If e is less than 0.55 then Newton’s method will converge. We can verify this in Mathematica with

    NMaximize[{g[x, e, M], 0 < e < 0.55, 0 <= M <= Pi, 
        Abs[M - x] < 0.5}, {x, e, M}]

which returns a maximum value of 0.93. The maximum value is an increasing function of the upper bound on e, so converting for e = 0.55 implies converging for e < 0.55. On the other hand, we get a maximum of 1.18 when we let e be as large as 0.60. This doesn’t mean Newton’s method won’t converge, but it means our sufficient condition cannot guarantee that it will converge.

A better starting point

John Machin (1686–1751) came up with a very clever, though mysterious, starting point for solving Kepler’s equation with Newton’s method. Machin didn’t publish his derivation, though later someone was able to reverse engineer how Machin must have been thinking. His starting point is as follows.

\begin{align*} n &= \sqrt{5 + \sqrt{16 + \frac{9}{e}}} \\ M &= n \left((1-e)s + \frac{e(n^2 - 1) + 1}{6}s^3 \right) \\ x_0 &= n \arcsin s \end{align*}

This produces an adequate starting point for Newton’s method even for values of e very close to 1.

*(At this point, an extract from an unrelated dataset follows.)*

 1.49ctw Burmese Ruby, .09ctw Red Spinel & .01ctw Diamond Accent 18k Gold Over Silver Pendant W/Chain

Notice that you have to solve a cubic equation to find s. That’s messy in general, but it works out cleanly in our case. See the next post for a Python implementation of Newton’s method starting with Machin’s starting point.

There are simpler starting points that are better than starting with M but not as good as Machin’s method. It may be more efficient to spend less time on the best starting point and more time iterating Newton’s method. On the other hand, if you don’t need much accuracy, and e is not too large, you could use Machin’s starting point as your final value and not use Newton’s method at all. If e < 0.3, as it is for every planet in our solar system, then Machin’s starting point is accurate to 4 decimal places (See Appendix C of Colwell’s book).